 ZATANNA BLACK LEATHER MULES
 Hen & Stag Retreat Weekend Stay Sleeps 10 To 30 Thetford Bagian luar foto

§ §

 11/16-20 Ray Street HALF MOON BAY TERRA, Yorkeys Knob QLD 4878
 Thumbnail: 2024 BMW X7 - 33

§ §

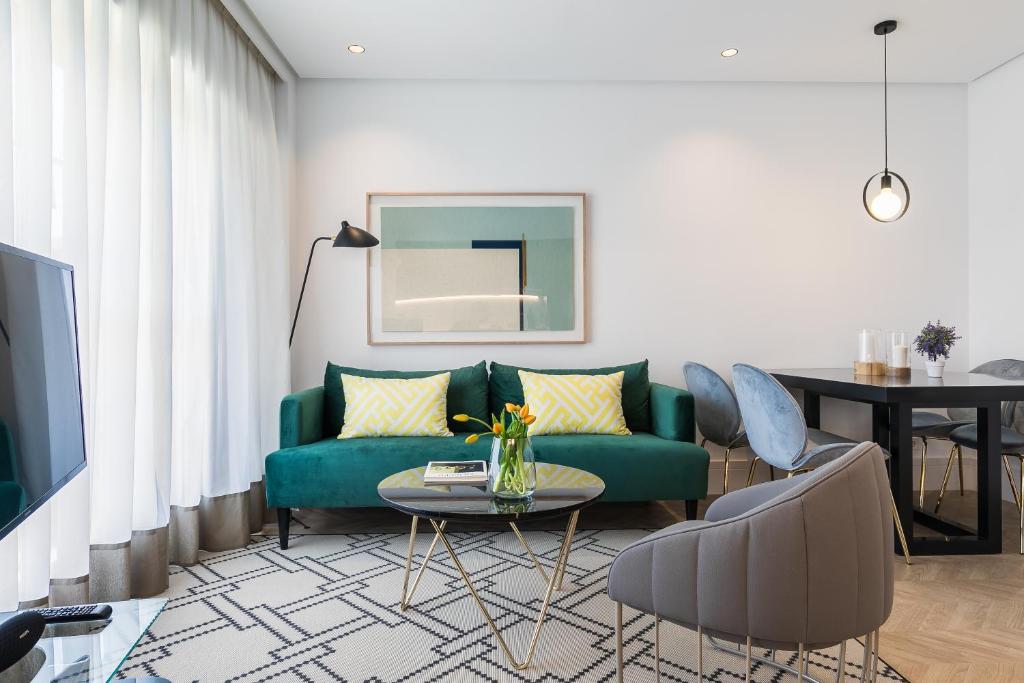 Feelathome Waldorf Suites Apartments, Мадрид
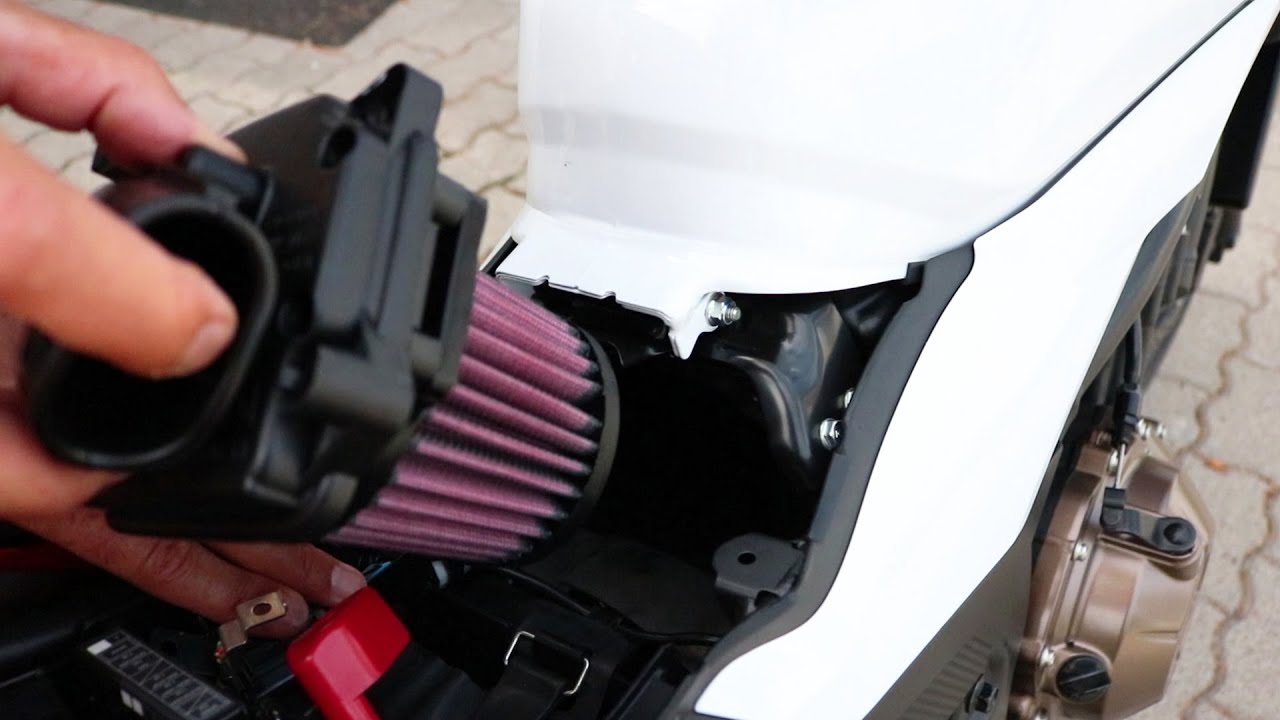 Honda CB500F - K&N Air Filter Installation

§ §

§ Problem description
Using the data above, reproduce exactly the lines from the line that contains "11/16-20 Ray Street" through the line that contains "Thumbnail: 2024 BMW X7 - 33", including both.

§ Task response
 11/16-20 Ray Street HALF MOON BAY TERRA, Yorkeys Knob QLD 4878
 Thumbnail: 2024 BMW X7 - 33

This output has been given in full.